By Adam C. Harris and Karen S. Park of Schulte Roth & Zabel LLP
A recent decision from the Bankruptcy Court for the Southern District of New York provides guidance on the “fair and equitable” requirement as it relates to secured creditors in a so-called “cramdown plan.” Section 1129(b) of the Bankruptcy Code provides the means by which a Chapter 11 debtor may obtain confirmation of a plan of reorganization over the objection of a dissenting class of creditors, including secured creditors. To cram down a plan on a class of secured creditors, the plan must be “fair and equitable” to that class. One way to meet the “fair and equitable” requirement is to provide that the secured creditors retain their liens and receive deferred cash payments having a present value equal to the allowed amount of their secured claims.

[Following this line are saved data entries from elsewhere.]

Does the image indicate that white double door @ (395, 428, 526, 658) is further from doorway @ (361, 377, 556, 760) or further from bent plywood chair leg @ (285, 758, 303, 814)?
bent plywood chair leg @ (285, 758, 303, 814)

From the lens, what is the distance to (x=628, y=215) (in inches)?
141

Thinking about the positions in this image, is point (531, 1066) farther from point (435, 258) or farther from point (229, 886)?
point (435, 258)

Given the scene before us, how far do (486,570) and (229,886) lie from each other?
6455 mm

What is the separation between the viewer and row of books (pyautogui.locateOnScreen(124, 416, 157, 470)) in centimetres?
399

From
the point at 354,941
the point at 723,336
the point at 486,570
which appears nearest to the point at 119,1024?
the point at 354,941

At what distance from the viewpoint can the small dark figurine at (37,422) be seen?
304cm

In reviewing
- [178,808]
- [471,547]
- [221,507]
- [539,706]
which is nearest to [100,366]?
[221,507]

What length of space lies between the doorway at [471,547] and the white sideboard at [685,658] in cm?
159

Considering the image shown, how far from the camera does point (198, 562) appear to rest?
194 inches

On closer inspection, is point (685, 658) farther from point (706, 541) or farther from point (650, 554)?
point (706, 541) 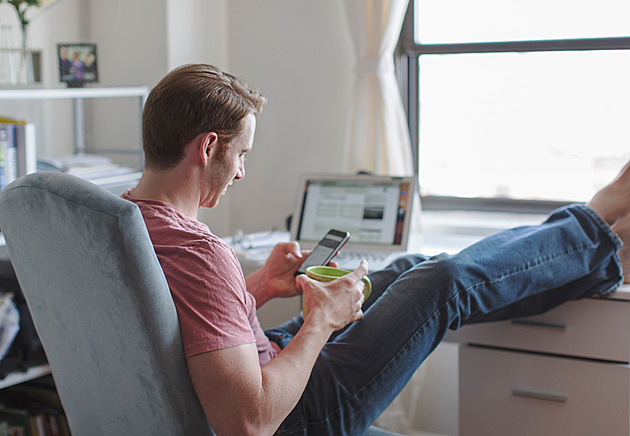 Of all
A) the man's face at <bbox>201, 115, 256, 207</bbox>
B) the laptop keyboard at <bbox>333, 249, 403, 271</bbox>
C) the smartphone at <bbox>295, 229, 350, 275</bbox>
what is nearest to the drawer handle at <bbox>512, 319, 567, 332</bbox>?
the laptop keyboard at <bbox>333, 249, 403, 271</bbox>

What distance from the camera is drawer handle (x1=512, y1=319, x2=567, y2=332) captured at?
1.74 m

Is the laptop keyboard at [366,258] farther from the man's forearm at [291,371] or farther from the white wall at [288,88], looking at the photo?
the man's forearm at [291,371]

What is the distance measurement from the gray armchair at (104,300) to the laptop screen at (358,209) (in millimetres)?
1023

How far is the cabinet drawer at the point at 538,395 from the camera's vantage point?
1688mm

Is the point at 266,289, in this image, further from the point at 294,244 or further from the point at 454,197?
the point at 454,197

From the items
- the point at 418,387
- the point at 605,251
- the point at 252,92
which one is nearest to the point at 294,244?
the point at 252,92

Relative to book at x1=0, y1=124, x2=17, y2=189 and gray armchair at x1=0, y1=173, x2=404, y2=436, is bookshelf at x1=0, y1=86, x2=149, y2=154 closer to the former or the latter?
book at x1=0, y1=124, x2=17, y2=189

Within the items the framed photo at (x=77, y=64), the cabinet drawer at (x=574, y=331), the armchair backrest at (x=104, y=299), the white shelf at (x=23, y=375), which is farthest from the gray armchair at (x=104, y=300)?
the framed photo at (x=77, y=64)

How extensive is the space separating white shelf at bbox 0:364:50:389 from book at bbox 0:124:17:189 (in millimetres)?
471

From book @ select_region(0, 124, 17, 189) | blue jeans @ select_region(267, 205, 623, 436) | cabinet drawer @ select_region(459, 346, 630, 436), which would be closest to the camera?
blue jeans @ select_region(267, 205, 623, 436)

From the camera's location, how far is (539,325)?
69.1 inches

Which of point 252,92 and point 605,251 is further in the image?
point 605,251

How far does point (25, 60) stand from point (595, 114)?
1.78 metres

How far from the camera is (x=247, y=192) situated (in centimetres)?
265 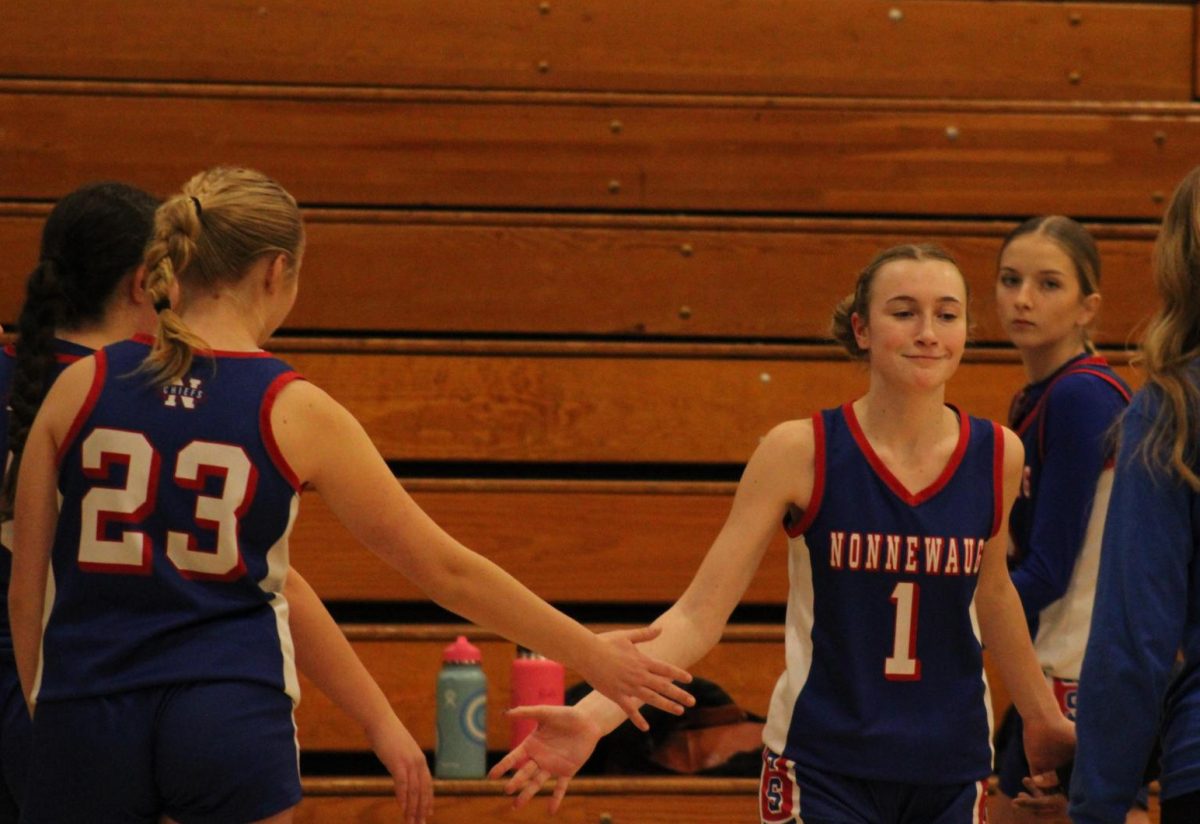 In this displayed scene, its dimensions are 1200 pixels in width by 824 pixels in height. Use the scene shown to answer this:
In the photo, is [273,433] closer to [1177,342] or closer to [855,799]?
[855,799]

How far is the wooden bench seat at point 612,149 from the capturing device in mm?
4824

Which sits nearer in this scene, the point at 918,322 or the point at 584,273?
the point at 918,322

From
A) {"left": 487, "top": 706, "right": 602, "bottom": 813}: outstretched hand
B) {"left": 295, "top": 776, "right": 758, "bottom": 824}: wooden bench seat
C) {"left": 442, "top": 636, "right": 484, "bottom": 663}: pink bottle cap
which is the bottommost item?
{"left": 295, "top": 776, "right": 758, "bottom": 824}: wooden bench seat

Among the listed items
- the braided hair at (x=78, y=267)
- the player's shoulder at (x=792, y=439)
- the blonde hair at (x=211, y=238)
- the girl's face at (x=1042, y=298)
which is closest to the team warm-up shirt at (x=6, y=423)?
the braided hair at (x=78, y=267)

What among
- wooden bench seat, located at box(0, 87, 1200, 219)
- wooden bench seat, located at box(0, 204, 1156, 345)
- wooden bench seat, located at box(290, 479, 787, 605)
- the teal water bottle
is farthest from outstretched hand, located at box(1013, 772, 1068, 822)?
wooden bench seat, located at box(0, 87, 1200, 219)

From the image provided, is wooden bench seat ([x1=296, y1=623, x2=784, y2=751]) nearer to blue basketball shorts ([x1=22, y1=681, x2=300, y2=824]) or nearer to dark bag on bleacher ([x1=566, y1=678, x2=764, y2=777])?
dark bag on bleacher ([x1=566, y1=678, x2=764, y2=777])

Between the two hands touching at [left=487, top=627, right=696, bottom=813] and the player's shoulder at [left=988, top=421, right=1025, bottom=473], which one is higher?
the player's shoulder at [left=988, top=421, right=1025, bottom=473]

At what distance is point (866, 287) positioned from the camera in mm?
2822

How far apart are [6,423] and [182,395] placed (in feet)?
2.24

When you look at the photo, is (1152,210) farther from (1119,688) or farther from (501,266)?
(1119,688)

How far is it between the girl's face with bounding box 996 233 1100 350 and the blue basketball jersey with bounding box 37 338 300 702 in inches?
77.7

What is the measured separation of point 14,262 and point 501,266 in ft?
4.45

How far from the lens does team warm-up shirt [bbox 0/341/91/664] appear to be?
2.67m

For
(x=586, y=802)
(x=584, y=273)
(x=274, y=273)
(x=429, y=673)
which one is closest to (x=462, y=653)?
(x=429, y=673) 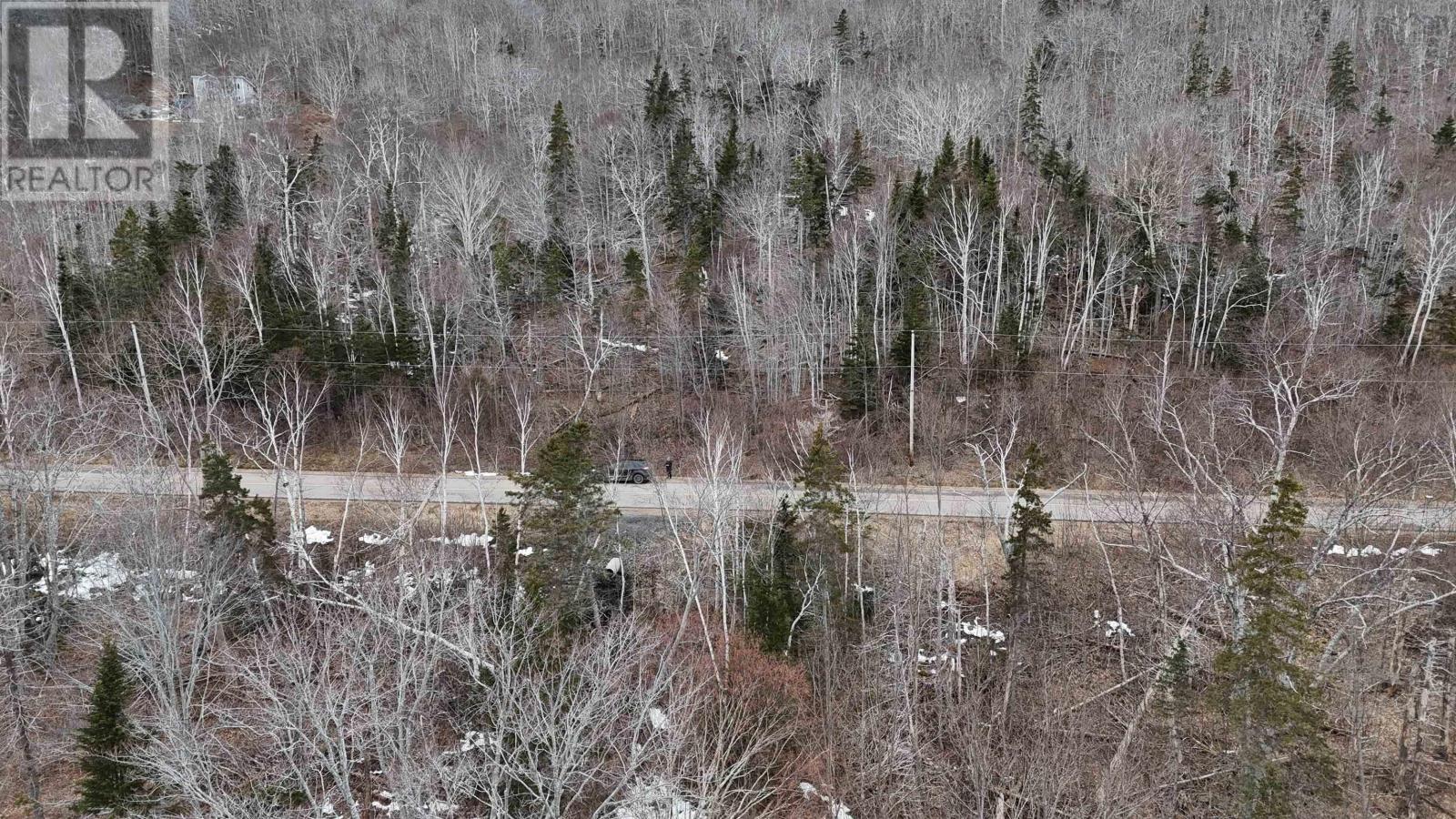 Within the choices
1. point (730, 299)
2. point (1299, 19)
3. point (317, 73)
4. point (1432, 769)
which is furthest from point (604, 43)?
Result: point (1432, 769)

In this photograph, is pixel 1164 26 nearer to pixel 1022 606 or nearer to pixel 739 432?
pixel 739 432

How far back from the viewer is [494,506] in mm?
30719

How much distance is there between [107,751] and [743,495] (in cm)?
1769

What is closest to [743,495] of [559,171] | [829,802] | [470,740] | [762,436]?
[762,436]

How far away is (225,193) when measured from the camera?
47.1 m

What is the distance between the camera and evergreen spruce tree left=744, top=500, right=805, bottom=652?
24.6m

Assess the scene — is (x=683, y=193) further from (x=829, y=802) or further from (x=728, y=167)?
(x=829, y=802)

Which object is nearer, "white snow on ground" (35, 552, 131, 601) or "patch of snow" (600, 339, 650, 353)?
"white snow on ground" (35, 552, 131, 601)

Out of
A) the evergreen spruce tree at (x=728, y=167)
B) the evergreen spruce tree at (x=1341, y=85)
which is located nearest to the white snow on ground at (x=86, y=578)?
the evergreen spruce tree at (x=728, y=167)

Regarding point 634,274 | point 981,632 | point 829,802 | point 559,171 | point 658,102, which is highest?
point 658,102

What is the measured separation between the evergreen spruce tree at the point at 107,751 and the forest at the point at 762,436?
130 millimetres

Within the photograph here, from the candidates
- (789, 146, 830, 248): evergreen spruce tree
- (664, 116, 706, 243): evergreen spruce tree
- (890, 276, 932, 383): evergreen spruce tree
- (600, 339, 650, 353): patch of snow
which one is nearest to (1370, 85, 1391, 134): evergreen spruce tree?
(789, 146, 830, 248): evergreen spruce tree

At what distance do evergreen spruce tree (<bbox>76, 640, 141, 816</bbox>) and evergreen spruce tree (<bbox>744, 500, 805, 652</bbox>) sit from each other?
592 inches

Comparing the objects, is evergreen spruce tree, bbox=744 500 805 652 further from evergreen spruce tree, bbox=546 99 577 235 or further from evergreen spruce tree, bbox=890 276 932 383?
evergreen spruce tree, bbox=546 99 577 235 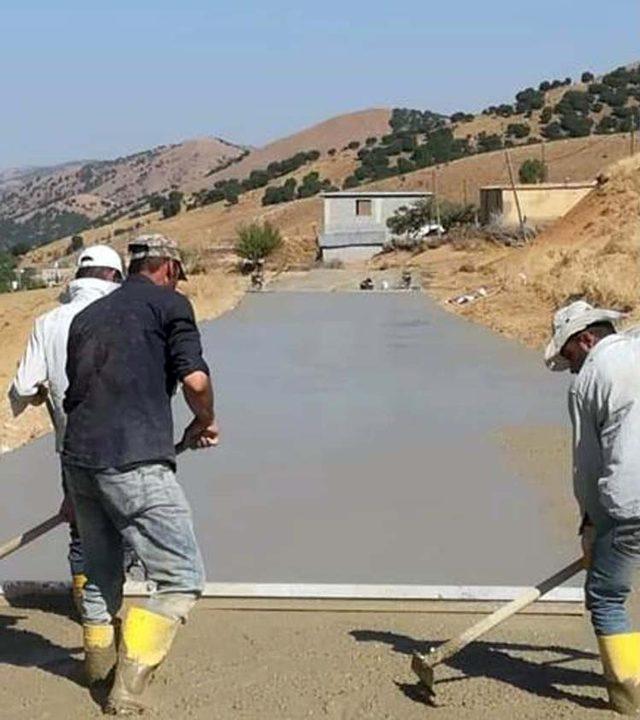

In In re MPM Silcones LLC, 2014 WL 4436335 (Bankr. S.D.N.Y. Sept. 9, 2014), the Bankruptcy Court held that the interest rates on secured claims in a “fair and equitable plan” should be derived using a formula that starts with a “risk free” Treasury rate for similar duration instruments, and adds a risk premium generally in the range of 1%-3%. Importantly, the Bankruptcy Court rejected the objecting secured credtiors’ arguments that the interest rates should be based on the market, i.e., the rates that would be charged to the same debtor entity for a loan having the same terms and duration by a third party lender.
The Bankruptcy Court’s ruling has been appealed. If upheld, the decision could have far-reaching implications for distressed debt investors as well as on the availability and pricing of capital for borrowers.